I think it’s incredibly important that, as you and I talk, we can separate changes we like from changes we don’t. One reason there’s so much noise and confusion now is that everything – standards, curriculum, testing – gets lumped together under “Common Core.” It becomes this giant kitchen sink that’s very hard to talk about in a rational way. Testing especially should be separated out because it’s fundamentally an issue of process, whereas standards and curriculum are really about content.

You take a guy like Cuomo in New York. He’s trying to increase the reliance on standardized tests in teacher evaluations, so that value added models based on test scores count for half of a teacher’s total evaluation. And he says stuff like this: “Everyone will tell you, nationwide, the key to education reform is a teacher evaluation system.” That’s from his State of the State address in January. He doesn’t care about making the content better at all. “Everyone” will tell you! I know for a fact that the people spending all their time figuring out at what grade level kids should start to learn about fractions aren’t going tell you that!

I couldn’t disagree with that guy more, but I’m not going to argue with him based on whether or not I like the problems my kids are getting in math class.
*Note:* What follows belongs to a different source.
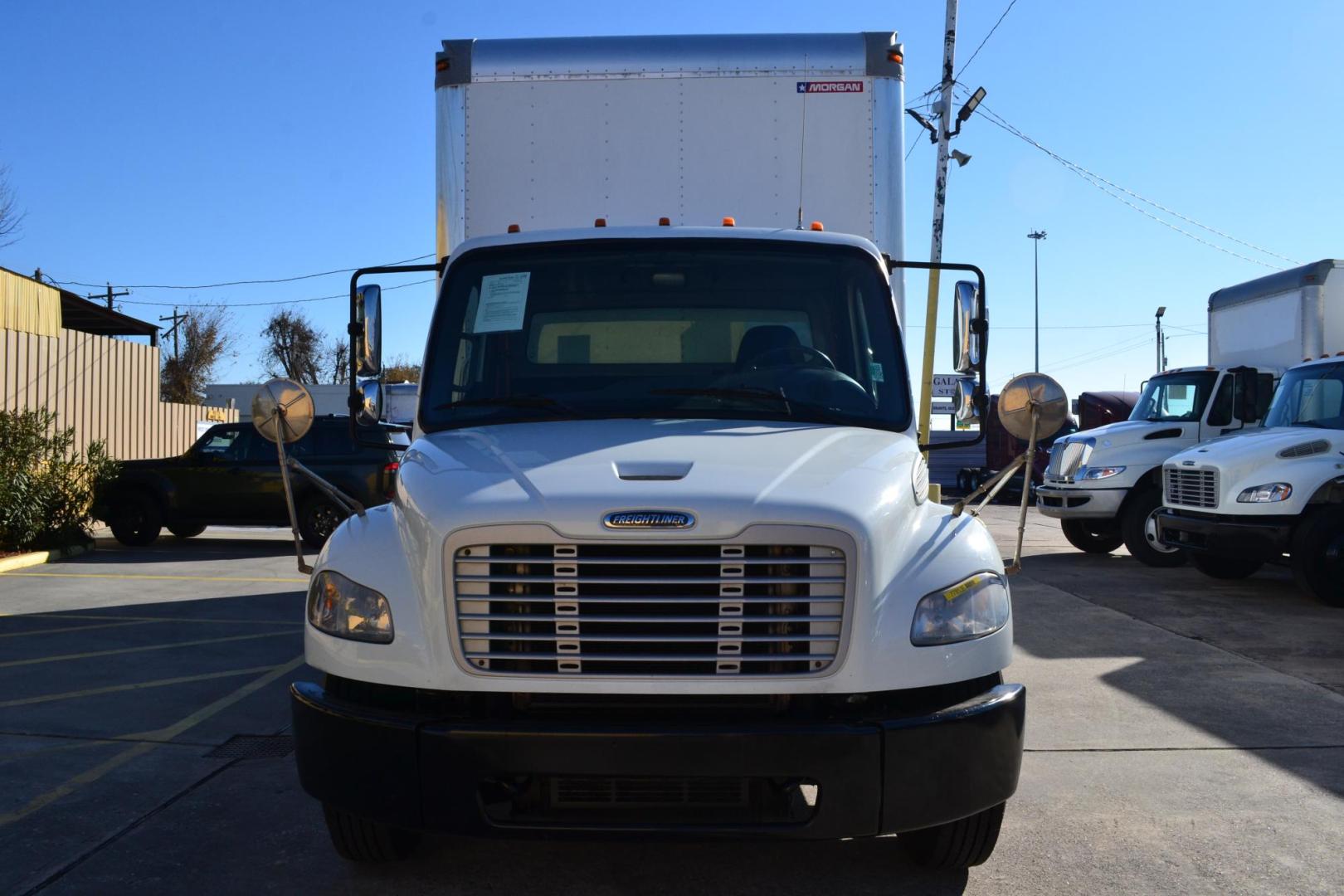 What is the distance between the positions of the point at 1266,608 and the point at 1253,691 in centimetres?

I’m going to point out examples, which he should be well aware of by now, of how badly the models work. That’s a totally different discussion, about what we can model accurately and fairly and what we can’t.
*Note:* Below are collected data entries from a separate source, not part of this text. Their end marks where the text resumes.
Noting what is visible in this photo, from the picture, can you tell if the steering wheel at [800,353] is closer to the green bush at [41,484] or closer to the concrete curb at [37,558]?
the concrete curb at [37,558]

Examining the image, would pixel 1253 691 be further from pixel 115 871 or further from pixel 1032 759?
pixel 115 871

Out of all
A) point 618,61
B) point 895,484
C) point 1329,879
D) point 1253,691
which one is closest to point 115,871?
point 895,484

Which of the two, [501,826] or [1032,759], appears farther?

So let’s have that discussion. Starting point: if you want to use test scores to evaluate teachers, you need a model because – I think everyone agrees on this – how kids do on a test depends on much more than how good their teacher was. There’s the talent of the kid, what preparation they got outside their teacher’s classroom, whether they got a good night’s sleep the night before, and a good breakfast, and lots of other things. As well as natural randomness: maybe the reading comprehension section was about DNA, and the kid just read a book about DNA last month. So you need a model to break out the impact of the teacher. And the models we have today, even the most state-of-the-art ones, can give you useful aggregate information, but they just don’t work at that level of detail. I’m saying this as a math person, and the American Statistical Association agrees. I’ve written about this here and here and here and here.

Having student test results impact teacher evaluations is my biggest objection to PARCC, by far.

KW: Yep. Can I just cut and paste what you’ve said? However, for me, another distasteful aspect is how technology is tangled up in the PARCC exam.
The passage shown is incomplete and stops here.